On a 2012 Macbook Pro, training the model takes roughly 30 minutes for 130k examples using the CRF++ library.
Development
On OSX:
brew install crf++
python setup.py install
Quick Start
The most common usage is to train the model with a subset of our data, test the model against a different subset, then visualize the results. We provide a shell script to do this, at:
./roundtrip.sh
You can edit this script to specify the size of your training and testing set. The default is 20k training examples and 2k test examples.
Usage
Training
To train the model, we must first convert our input data into a format which
crf_learn
can accept:
bin/generate_data --data-path=input.csv --count=1000 --offset=0 > tmp/train_file
The count
argument specifies the number of training examples (i.e. ingredient
lines) to read, and offset
specifies which line to start with. There are
roughly 180k examples in our snapshot of the New York Times cooking database
(which we include in this repo), so it is useful to run against a subset.
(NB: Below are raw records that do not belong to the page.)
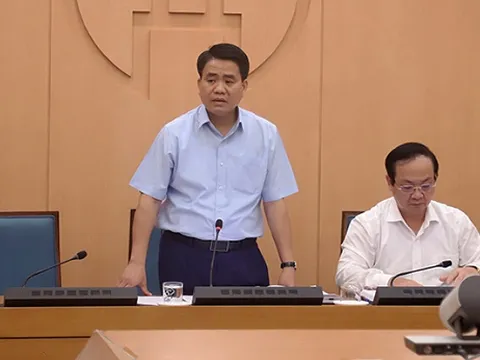 Chủ tịch HN Nguyễn Đức Chung: Dân đeo khẩu trang, cán bộ đeo mặt nạ phòng độc là hành động phản cảm
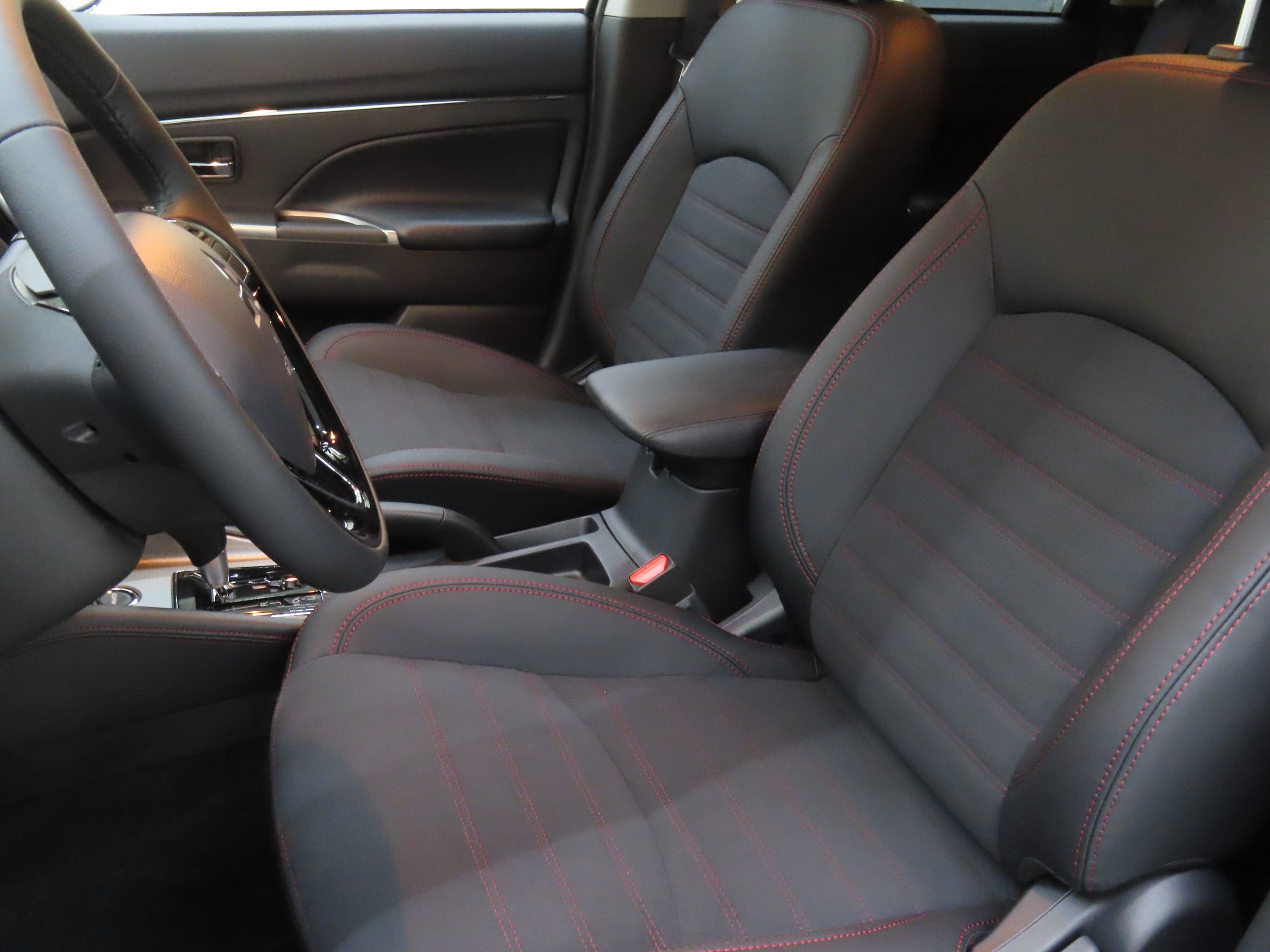 New 2025 Mitsubishi Outlander Sport SE image 10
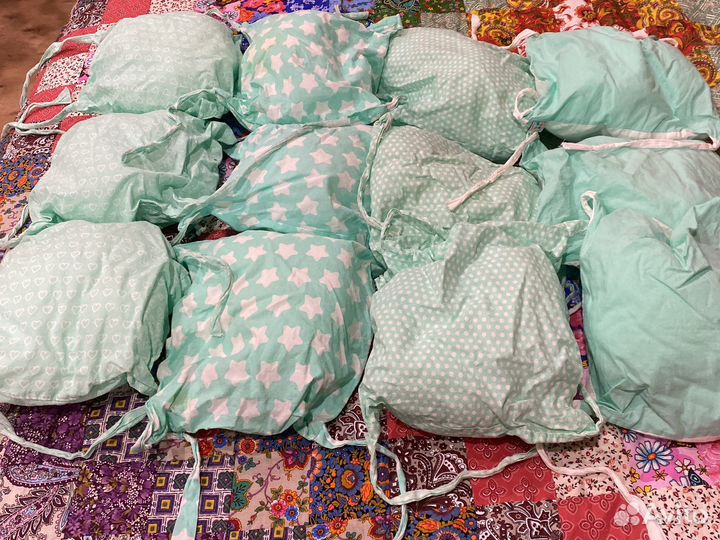 Бортики в кроватку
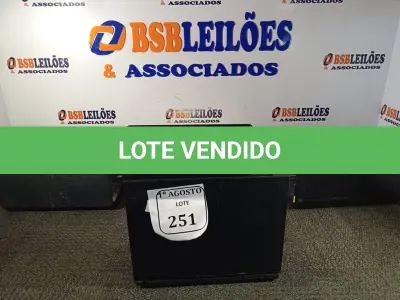 LOTE 251 - 03 NOTEBOOKS PARA RETIRADA DE PEÇAS. (NO ESTADO) ATENÇÃO! FAZER A VISITAÇÃO ANTES DE ARREMATAR, NÃO SABEMOS SE FUNCIONA. LEILÃO NÃO TEM GARANTIA E NEM DEVOLUÇÃO, SUJEITO A POSSÍVEIS AVARIAS VISÍVEIS/OCULTAS E/OU AUSÊNCIA DE COMPONENTES.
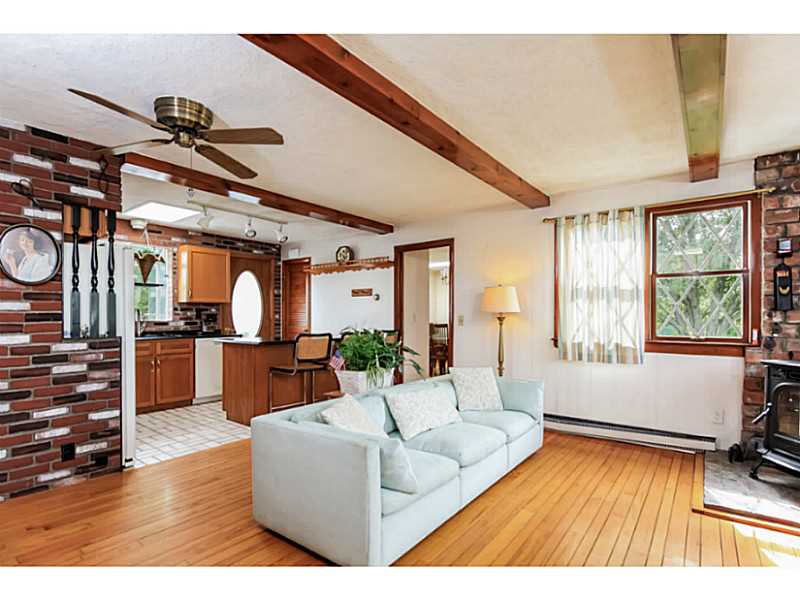 1 Major Arnold Road Narragansett, RI 02882 - Photo 3 of 25 Living Room.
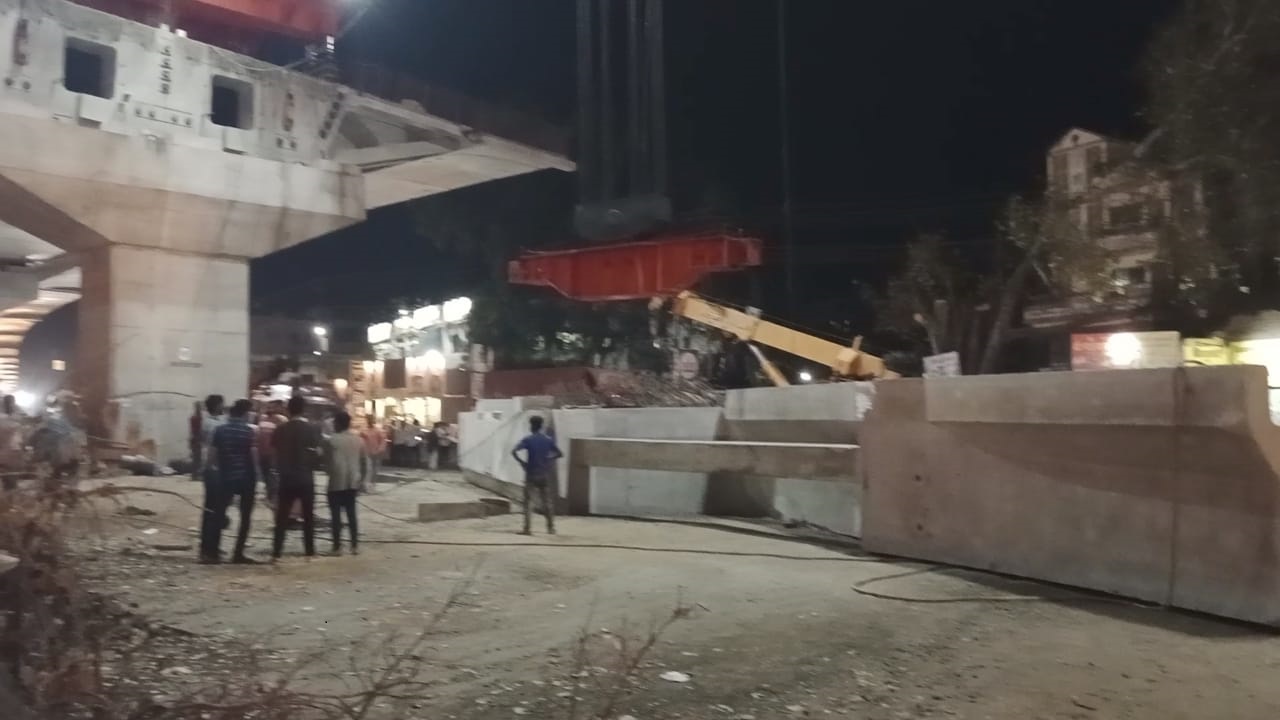 कराडच्या उड्डाणपुलाचे काम सुरु असताना दुर्घटना; भलामोठा सेगमेंटच कोसळला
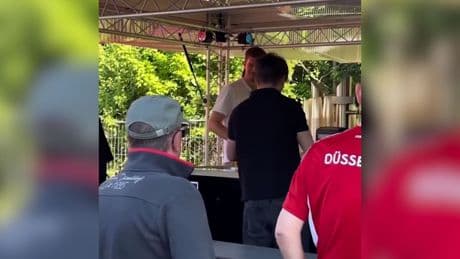Vor Zweitliga-Spektakel - Rekord-Kicker zapft Bier für Fans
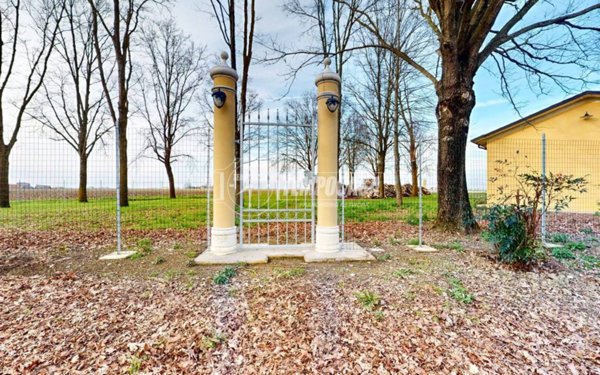 casa indipendente in vendita a Bondeno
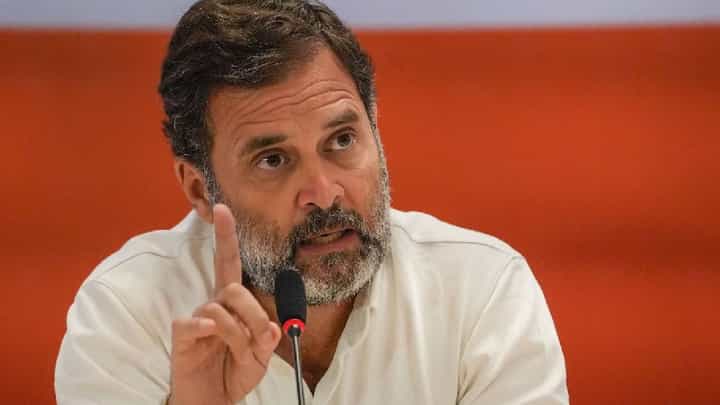 Rahul Gandhi : ...म्हणून सोमनाथ सूर्यवंशीची हत्या, RSS वर बोट उगारत राहुल गांधींचा मोठा आरोप Rahul Gandhi : ...म्हणून सोमनाथ सूर्यवंशीची हत्या, RSS वर बोट उगारत राहुल गांधींचा मोठा आरोप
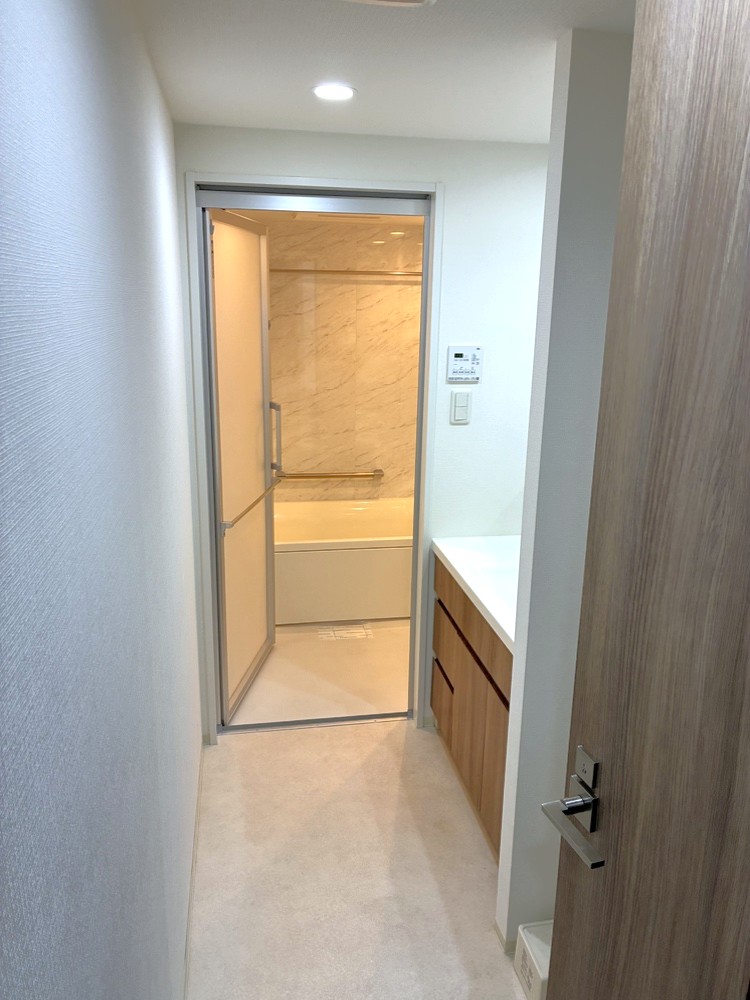 【洗面室/浴室】洗面室にはタオルやパジャマ、肌着などが収納できるリネン庫が設けられていますので、ラックなどを買い足さずに収納ができます。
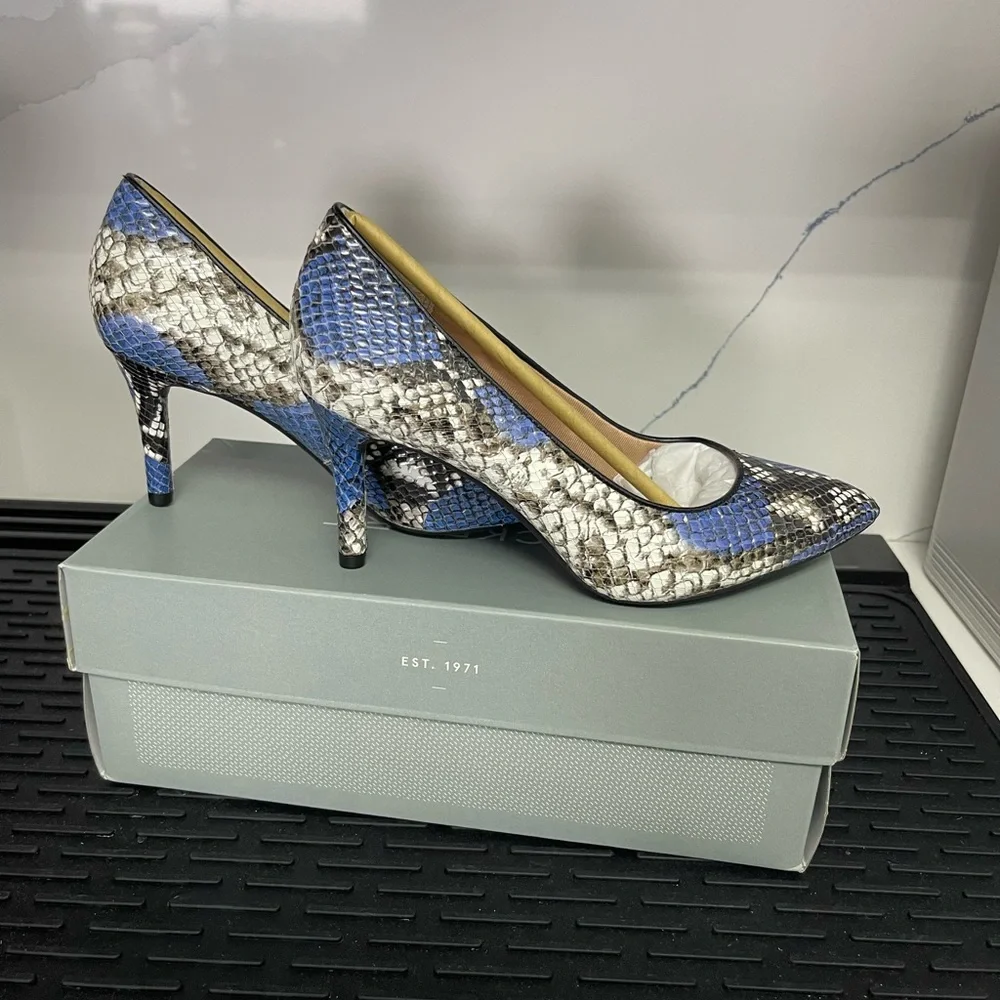 ROCKPORT 75mm Total Motion Women’s Pump Sz 6M CH6723 Blue Black Grey Snake - Picture 5 of 11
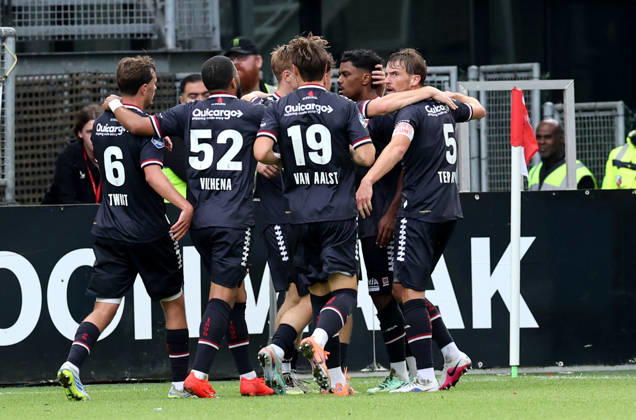 UTRECHT - Willem II forward Jaden Slory celebrates the goal with teammates during the Vriendenloterij Eredivisie match between FC Utrecht and Willem II in Stadion Galgenwaard on 11 October 2026 in Utrecht, Nederland. PETER LOUS EYE4IMAGES DeFodi Images -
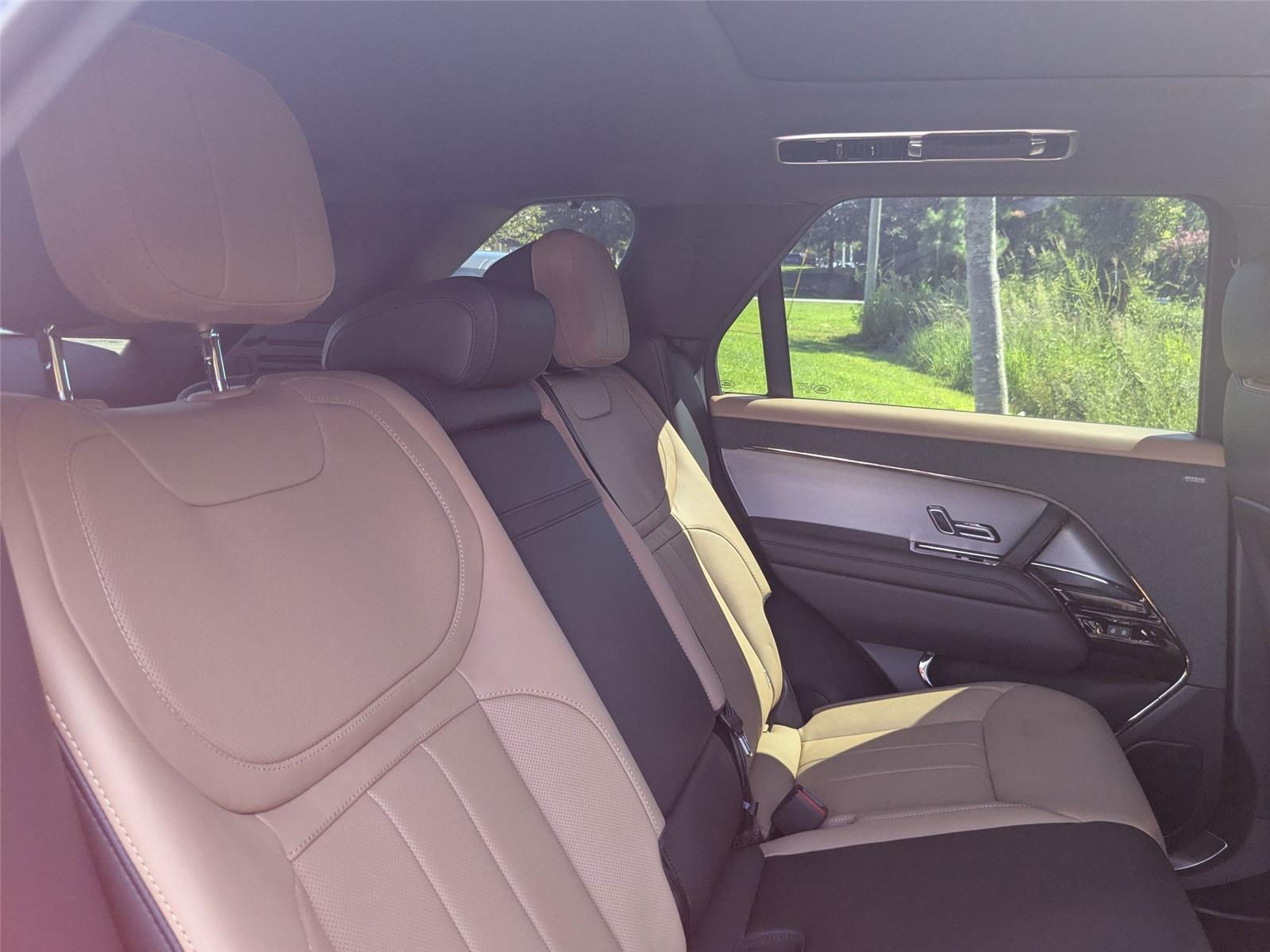 2024 Land Rover Range Rover Sport SE photo 24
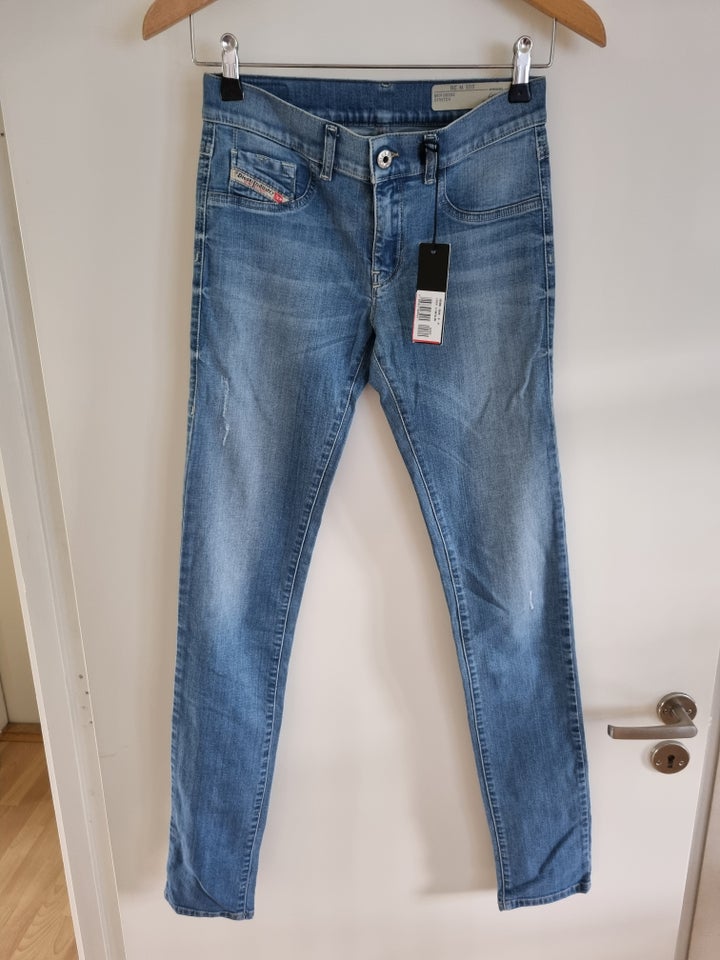 Jeans, Diesel, str. 26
The output of this step looks something like:
1 I1 L8 NoCAP NoPAREN B-QTY
cup I2 L8 NoCAP NoPAREN B-UNIT
white I3 L8 NoCAP NoPAREN B-NAME
wine I4 L8 NoCAP NoPAREN I-NAME
1/2 I1 L4 NoCAP NoPAREN B-QTY
cup I2 L4 NoCAP NoPAREN B-UNIT
sugar I3 L4 NoCAP NoPAREN B-NAME
2 I1 L8 NoCAP NoPAREN B-QTY
tablespoons I2 L8 NoCAP NoPAREN B-UNIT
dry I3 L8 NoCAP NoPAREN B-NAME
white I4 L8 NoCAP NoPAREN I-NAME
wine I5 L8 NoCAP NoPAREN I-NAME
Next, we pass this file to crf_learn
, to generate a model file:
crf_learn template_file tmp/train_file tmp/model_file
Testing
To use the model to tag your own arbitrary ingredient lines (stored here in
input.txt
), you must first convert it into the CRF++ format, then run against
the model file which we generated above. We provide another helper script to do
this:
python bin/parse-ingredients.py input.txt > results.txt
The output is also in CRF++ format, which isn't terribly helpful to us. To convert it into JSON:
python bin/convert-to-json.py results.txt > results.json
See the top of this README for an example of the expected output.